Normalerweise hörte ich dabei immer laut Musik, doch heute war mir absolut nicht danach.

Als ich fertig war, ging ich in mein Badezimmer und setzte mich in die Badewanne. Ich drehte den Wasserhahn auf und ließ das heiße Wasser der Dusche auf mich hinab prasseln. Ich konnte Stunden hier sitzen bleiben. Meine Arme fühlten sich kraftlos an und ich spürte schon jetzt den Muskelkater, obwohl ich mich nicht einmal viel bewegt hatte.

Ich shampoonierte mich mit der doppelten Dosis wie sonst ein, denn hatte ich das Gefühl, unrein zu sein. Doch egal, wie stark ich mich wusch. Dieses Gefühl blieb in mir, so als hätte ich etwas zwischen den Zähnen, was ich nicht heraus bekam. Nur dass es nicht meine Zähne, sondern meine Seele betraf. Vielleicht sind es wirklich Drogen gewesen. Vielleicht auch die Tatsache, dass ich mich nicht an die gestrigen Ereignisse erinnern konnte und mir das wie ein Kontrollverlust vorkam.

Ich schluckte den Klos herunter, der sich in meiner Kehle bildete und ließ meine brennenden Augen offen, damit Tränen nicht die geringste Chance hatten, über meine Wangen zu laufen. Heulen würde alles nur noch schlimmer machen. Doch mein Herz klaffte. Das Haus war still, das einzige, was zu hören war, war das leichte Echo der Tropfen, die rhythmisch auf der Wanne landeten.

Manchmal spürte ich den Schmerz nicht. Es war, als würde mein Herz anfangen die Wunden zu heilen und die Ruine wieder aufzubauen. Aber dann konnte die kleinste Kleinigkeit mich triggern und ich war wieder genau da, wo ich angefangen hatte - mein Herz war eine offene Wunde, eine Ruine.

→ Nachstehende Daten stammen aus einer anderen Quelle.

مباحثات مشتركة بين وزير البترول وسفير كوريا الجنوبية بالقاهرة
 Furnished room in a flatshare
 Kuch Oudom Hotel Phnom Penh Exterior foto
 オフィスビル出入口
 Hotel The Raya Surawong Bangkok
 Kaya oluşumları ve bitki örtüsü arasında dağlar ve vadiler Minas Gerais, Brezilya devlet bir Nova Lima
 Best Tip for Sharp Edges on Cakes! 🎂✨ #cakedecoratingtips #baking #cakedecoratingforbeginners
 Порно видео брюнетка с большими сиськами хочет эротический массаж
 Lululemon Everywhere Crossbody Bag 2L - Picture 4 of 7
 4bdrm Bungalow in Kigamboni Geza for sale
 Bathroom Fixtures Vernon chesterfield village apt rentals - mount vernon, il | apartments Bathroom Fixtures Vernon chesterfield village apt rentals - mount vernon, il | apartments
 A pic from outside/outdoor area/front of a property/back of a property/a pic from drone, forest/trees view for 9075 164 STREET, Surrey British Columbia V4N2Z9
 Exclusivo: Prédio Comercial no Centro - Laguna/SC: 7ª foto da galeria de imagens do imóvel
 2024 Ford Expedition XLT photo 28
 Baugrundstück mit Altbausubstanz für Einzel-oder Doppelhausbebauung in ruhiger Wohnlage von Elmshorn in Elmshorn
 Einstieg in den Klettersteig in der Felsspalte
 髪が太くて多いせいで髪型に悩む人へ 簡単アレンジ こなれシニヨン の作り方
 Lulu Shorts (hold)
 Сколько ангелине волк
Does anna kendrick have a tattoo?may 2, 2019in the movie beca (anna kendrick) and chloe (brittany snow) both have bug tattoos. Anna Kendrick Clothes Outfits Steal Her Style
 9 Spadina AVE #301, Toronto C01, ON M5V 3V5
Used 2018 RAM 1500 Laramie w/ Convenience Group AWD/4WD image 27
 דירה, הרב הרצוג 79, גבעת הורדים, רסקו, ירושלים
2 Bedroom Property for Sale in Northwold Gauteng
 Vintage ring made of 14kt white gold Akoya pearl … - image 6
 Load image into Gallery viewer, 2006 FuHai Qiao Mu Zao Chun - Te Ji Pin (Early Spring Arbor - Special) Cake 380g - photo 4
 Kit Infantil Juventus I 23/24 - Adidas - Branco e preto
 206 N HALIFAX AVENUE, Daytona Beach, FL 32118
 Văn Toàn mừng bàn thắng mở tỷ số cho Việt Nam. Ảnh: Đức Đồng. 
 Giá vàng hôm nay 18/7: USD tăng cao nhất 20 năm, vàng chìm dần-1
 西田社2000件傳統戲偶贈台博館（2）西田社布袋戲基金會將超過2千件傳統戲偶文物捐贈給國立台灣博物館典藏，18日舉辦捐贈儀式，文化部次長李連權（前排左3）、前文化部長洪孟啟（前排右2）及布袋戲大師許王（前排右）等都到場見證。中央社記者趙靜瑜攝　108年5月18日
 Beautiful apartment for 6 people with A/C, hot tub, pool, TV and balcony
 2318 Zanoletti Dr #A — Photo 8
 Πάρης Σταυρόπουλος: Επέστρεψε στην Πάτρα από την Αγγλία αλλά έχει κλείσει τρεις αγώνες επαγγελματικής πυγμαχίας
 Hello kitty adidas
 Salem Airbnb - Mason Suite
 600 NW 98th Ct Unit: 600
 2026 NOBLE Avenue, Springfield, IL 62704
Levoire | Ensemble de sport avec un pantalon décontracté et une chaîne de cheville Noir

Und der einzige Grund dafür war, dass ich mich unerklärlich einsam und allein fühlte, in einem so großen, stillen Haus. Ich vermisste meinen Dad. Und meine Mom. Und beide auf eine ganz unterschiedliche Art und Weise. Es war schwer, mir das einzugestehen - doch beide hatten mich sehr schwer enttäuscht. Ich fühlte mich wie das letzte Überbleibsel ihrer stürmischen und unsicheren Beziehung. Sie fuhren beide auf verschiedenen Strecken und ich war ein Gebrauchtteil, was zu keinem der beiden Gefährten mehr passte. Es war unfair, so zu denken. Schließlich hatte Dad sich wirklich bemüht und Mom war nicht mehr auf dieser Welt, um sich zu rechtfertigen. Trotzdem änderte es nichts daran, wie ich mich fühlte. Selbst wenn man mir das Gegenteil einreden wollen würde, ich würde es nicht glauben. Ich bin überflüssig auf dieser Erde. Abfall dieser Gesellschaft. Mich hätte es nie geben sollen. Ich war Produkt einer abgefuckten Liebesgeschichte, die zum scheitern verurteilt war. Und als es dann so weit war und die Geschichte endete, wusste niemand so genau wo hin mit mir. Ich war ein Erinnerungsstück, das niemand behalten wollte.

Und eigentlich hatte Drew recht - wieso sollte ein Mädchen wie ich studieren? Wieso erlaubte ich es mir überhaupt, Träume zu haben? Ich und Schriftstellerin werden? Niemals.

Ich stellte die Dusche ab und ging mit einem Handtuch um den Körper gebunden in mein Zimmer. Dort öffnete ich das Fenster, zog mir ein weites Shirt an und legte mich ins Bett.

Das Meerrauschen holte mich wenigstens etwas aus meinen negativen Gedanken in die Realität zurück. Der Schlaf, in den ich fiel, war dennoch die Hölle.